(Mai 13, 2025) Als im Februar 2025 die Nachricht vom Tod Ken Zuckermans im Alter von 72 Jahren bekannt wurde, betrauerte die indische klassische Musikszene nicht nur den Tod eines Sarod-Spielers, sondern auch den Abschied eines ihrer beliebtesten Insider. Zuckerman, der als Kind russisch-jüdischer Eltern in Amerika geboren wurde, hatte ein Erbe, das weit über Nationalitäten, Genres und Grenzen hinausreichte. Die Worte von Premierminister Narendra Modi zu Lebzeiten bringen zum Ausdruck, wie der amerikanische Solist die klassische indische Musik zu seiner Identität machte und dazu beitrug, ihre Reichweite im Ausland zu vergrößern: „Ihr Engagement für die klassische indische Musik und Ihre Bemühungen um ihre Verbreitung, ein Höhepunkt der lebendigen kulturellen Vielfalt Indiens, sind höchst lobenswert. Möge Ihre ‚Sarod‘ weiterhin Musikliebhabern auf der ganzen Welt dienen“, hatte der Premierminister einst bemerkt.
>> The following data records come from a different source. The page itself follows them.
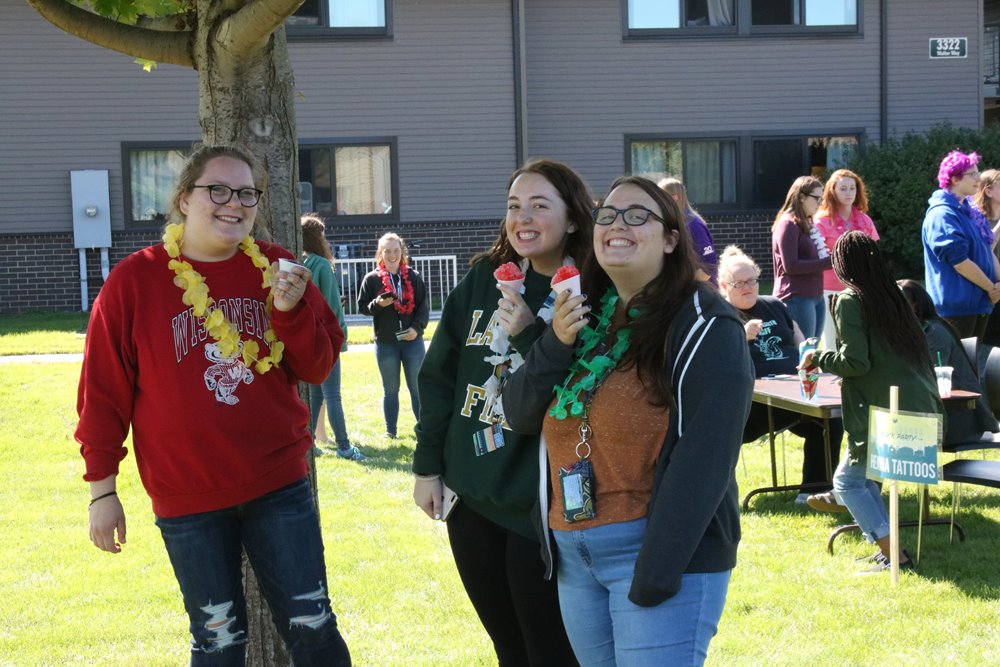 Group of students with snow cones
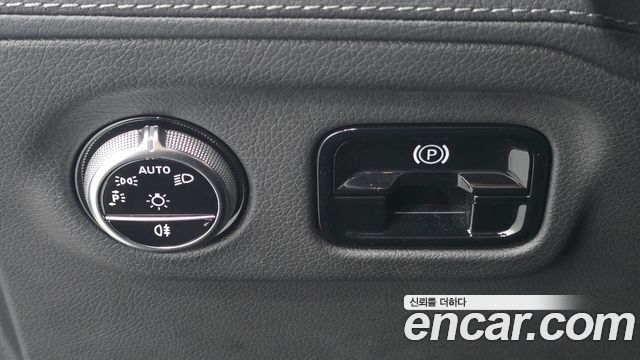 Mercedes-Benz EQE 2023 — photo 23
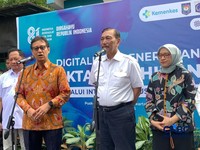 Ketua Komite Percepatan Transformasi Digital Pemerintah, Menkes, Mendagri, MenPan RB, Dirut BPJS, Ketua BPS meluncurkan digitalisasi akta kelahiran bayi baru lahir melalui integrasi SatuSehat Kemenkes dan Sistem Informasi Adminsitrasi Kependudukan (S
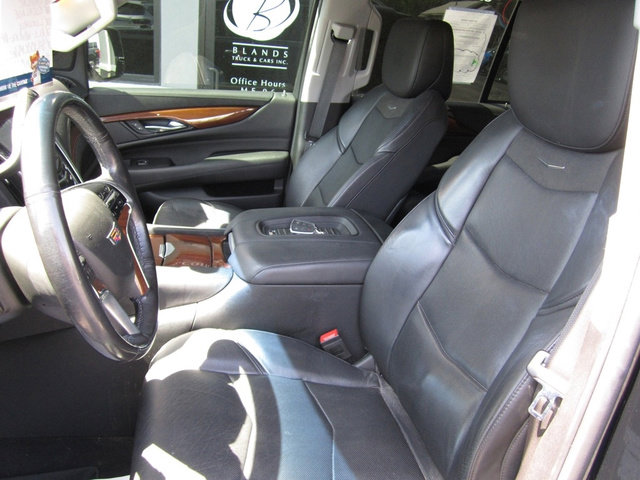 Used 2018 Cadillac Escalade Luxury w/ LPO, Radiant Package image 7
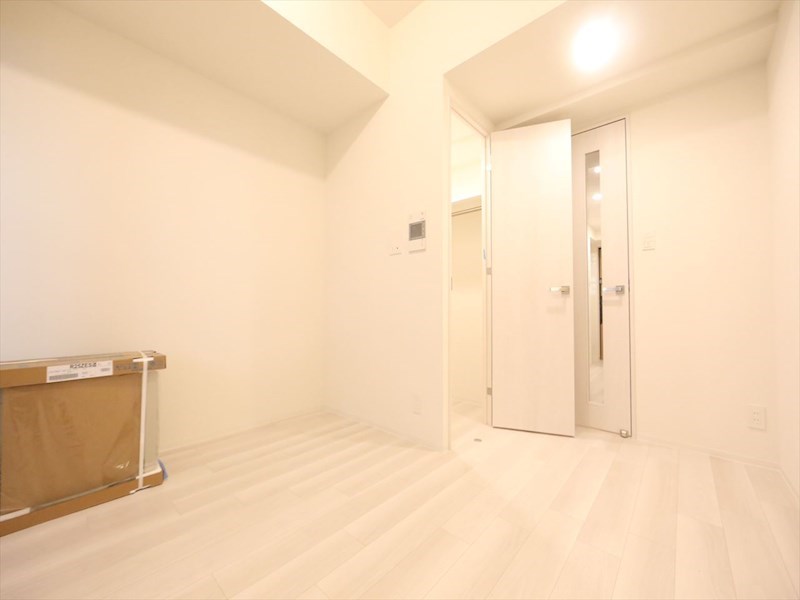 居室・リビング　洋室7帖　ウォークインクローゼット付（収納充実してます）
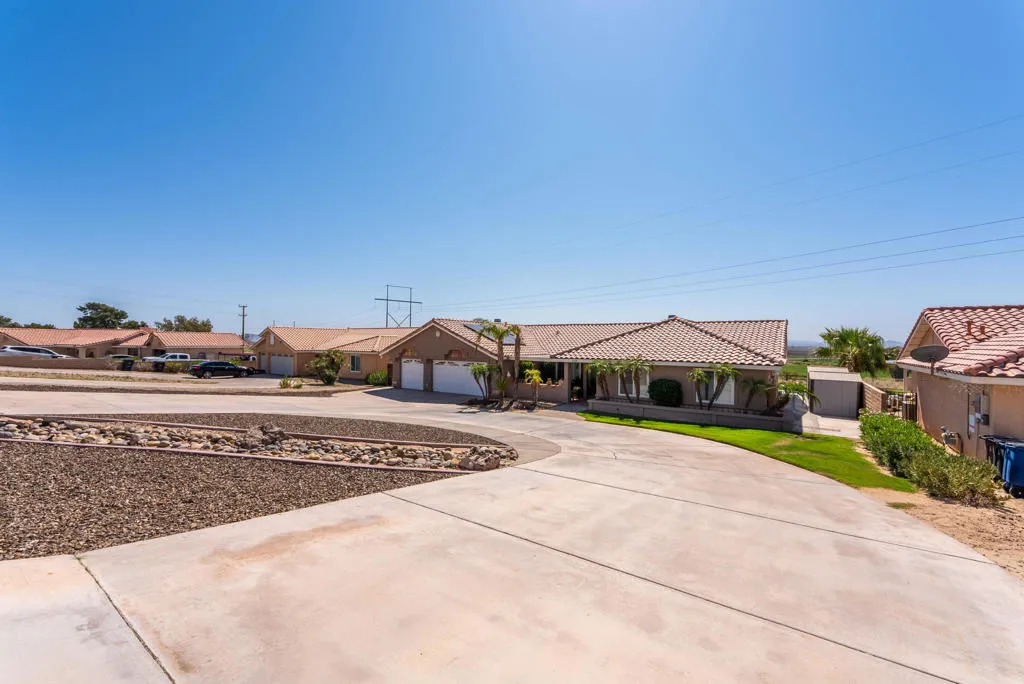 2224 Dekens Court, Blythe, California 92225 — photo 4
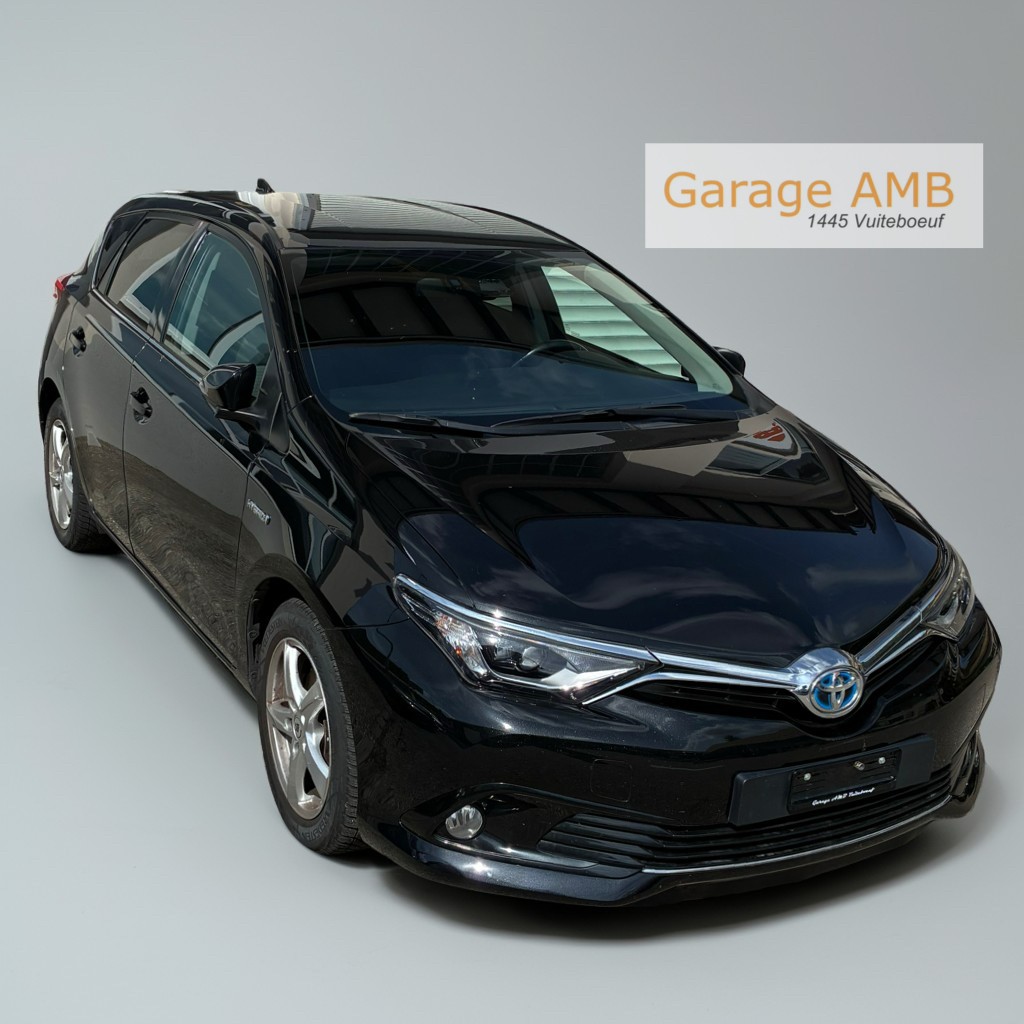 TOYOTA Auris 1.8 HSD Premium e-CVT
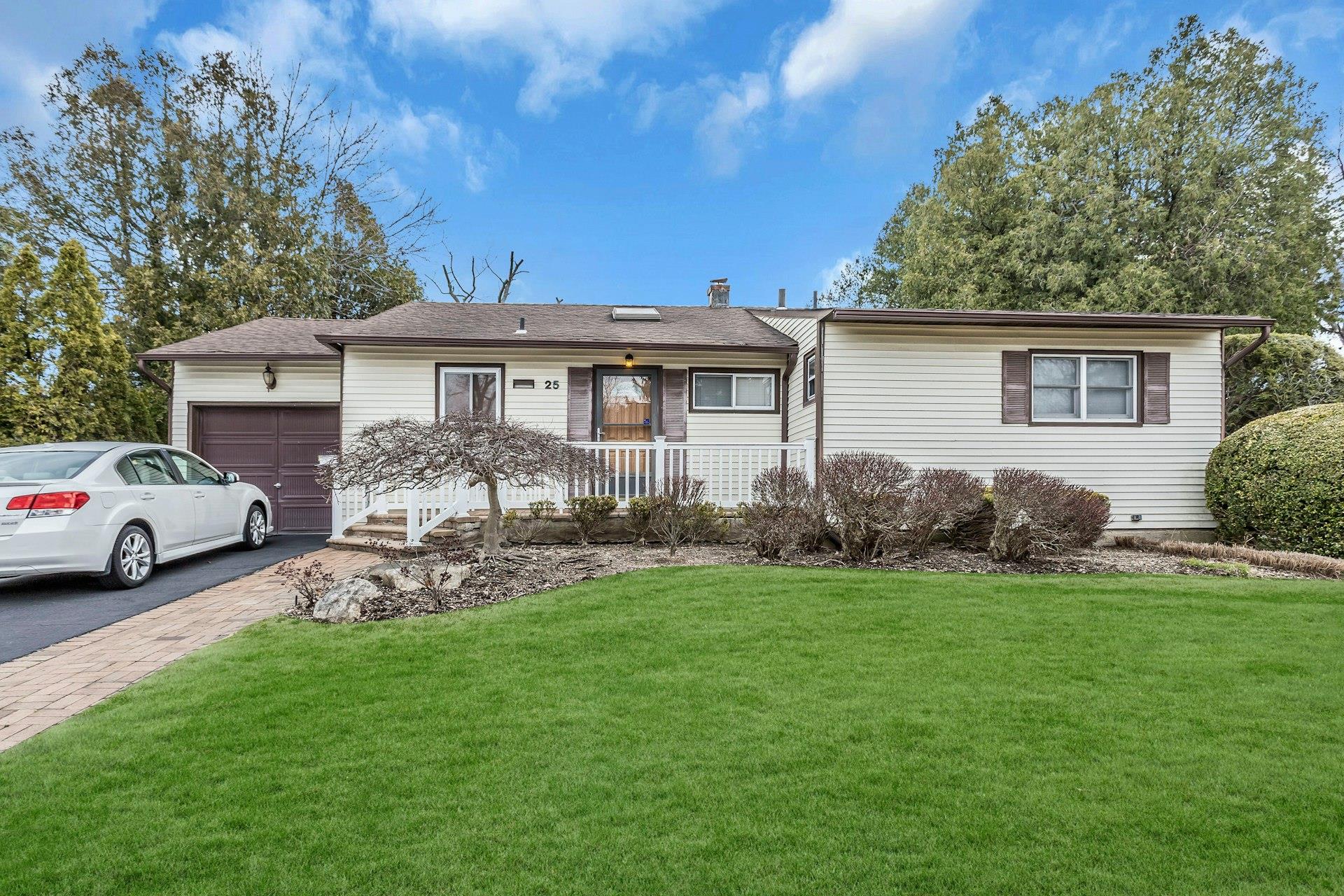 25 Mitchell Avenue
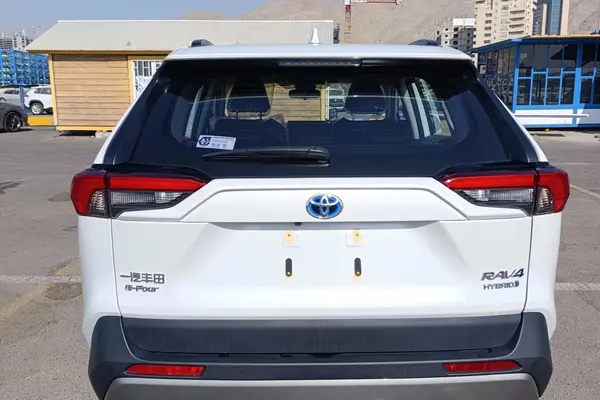 تویوتا، راوفور هیبرید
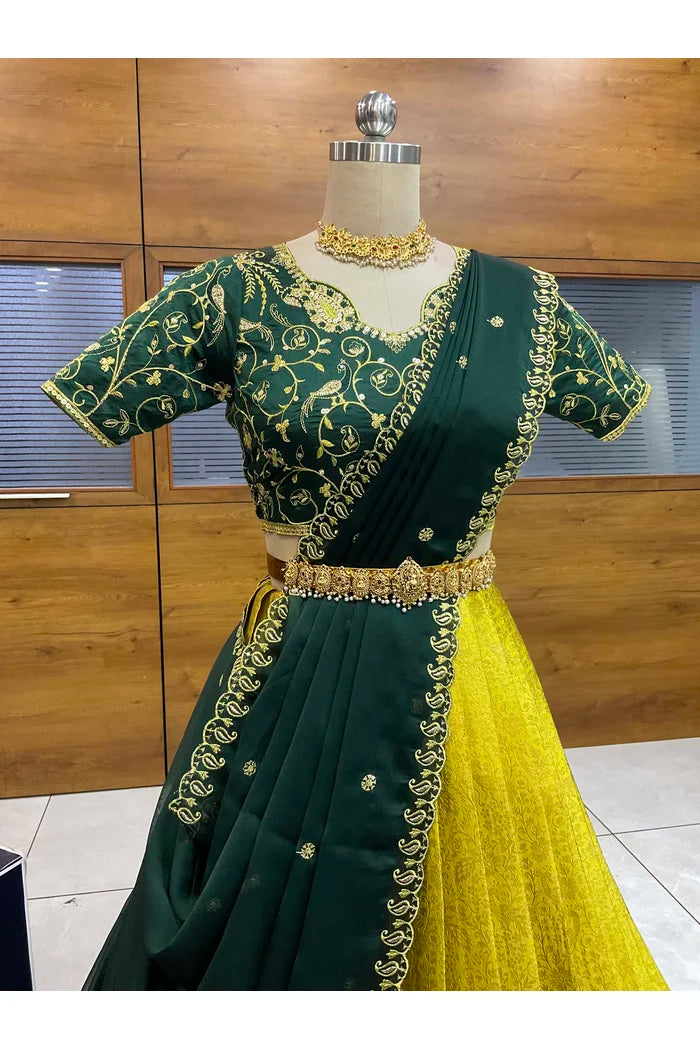 దక్షిణ భారత పండుగ సాంప్రదాయ హాఫ్ చీర (ఛవి) 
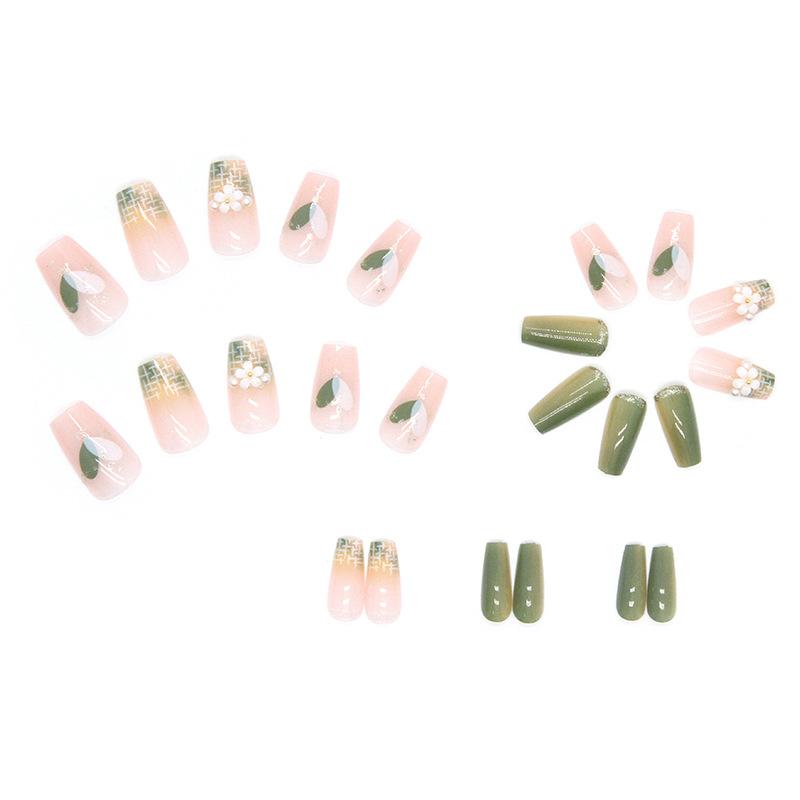 Artificial Nails Medium-length False Nails Summer Dreamy Two-color Gradient Nail Art Wear Nail Three-dimensional Pearl Five-petal Flower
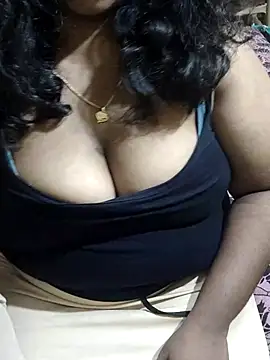 Snapshot of Rathi22 chatting on 06/18/26, 02:33 Rathi22 online show from 06/18/26, 02:33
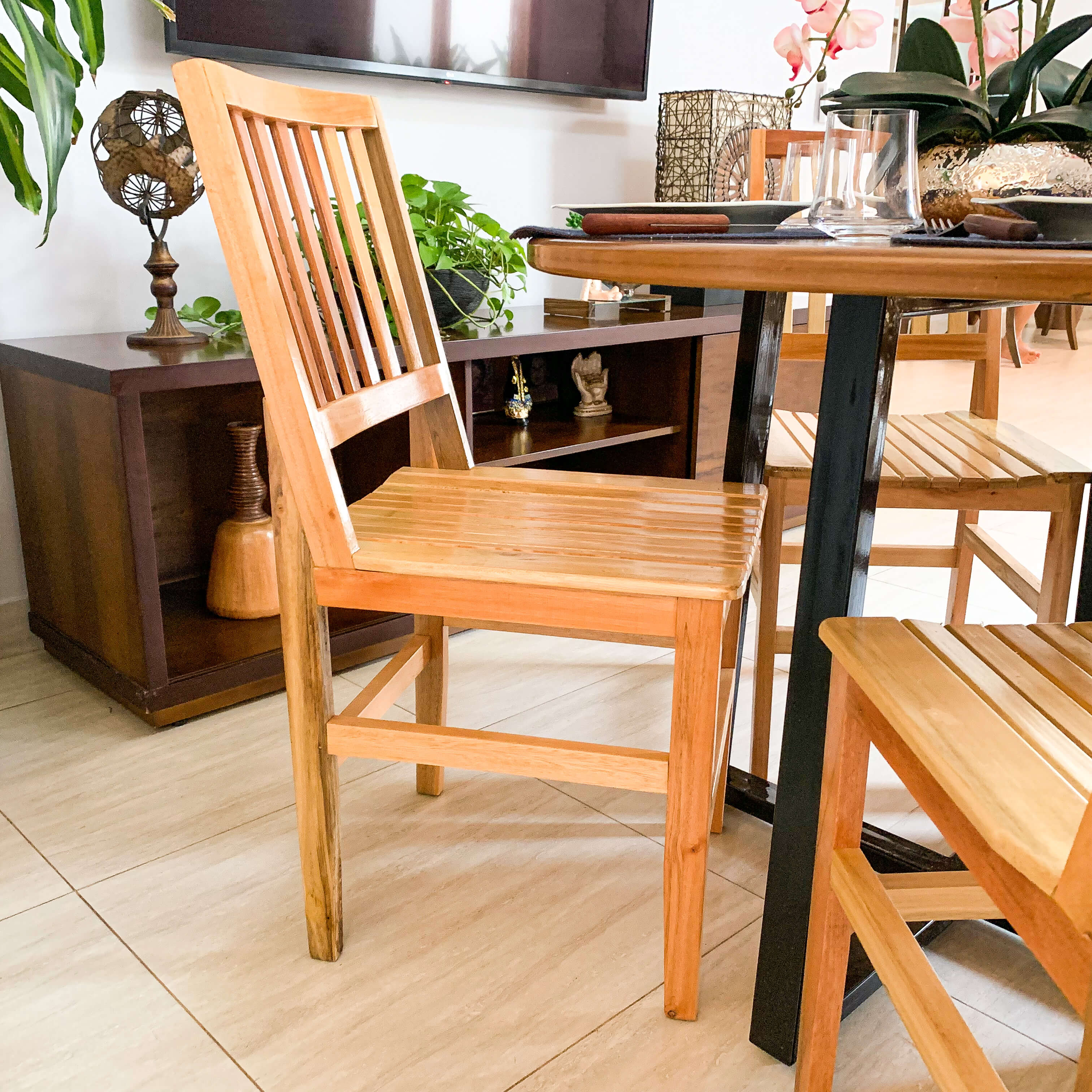 Cadeira Ana Hickmann de Madeira Maciça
Zuckerman starb als ausgezeichneter Künstler. Im Dezember 2023 erhielt er den „Lifetime Achievement Award“ der Sangeetanjaly Foundation in Hyderabad. Seine Grammy-nominierten Alben Diaspora Sefardi und Indische Ragas und mittelalterliche Lieder bleiben eindrucksvolle Beispiele seiner grenzüberschreitenden Kunst. Doch neben den Auszeichnungen machte Ken vor allem die Art und Weise außergewöhnlich, wie er Teil der indischen Klang- und spirituellen Landschaft wurde. In schlichtem Kurta-Pyjama, leise, aber leidenschaftlich sprechend, spielte Zuckerman nicht nur die Sarod, er lebte sie.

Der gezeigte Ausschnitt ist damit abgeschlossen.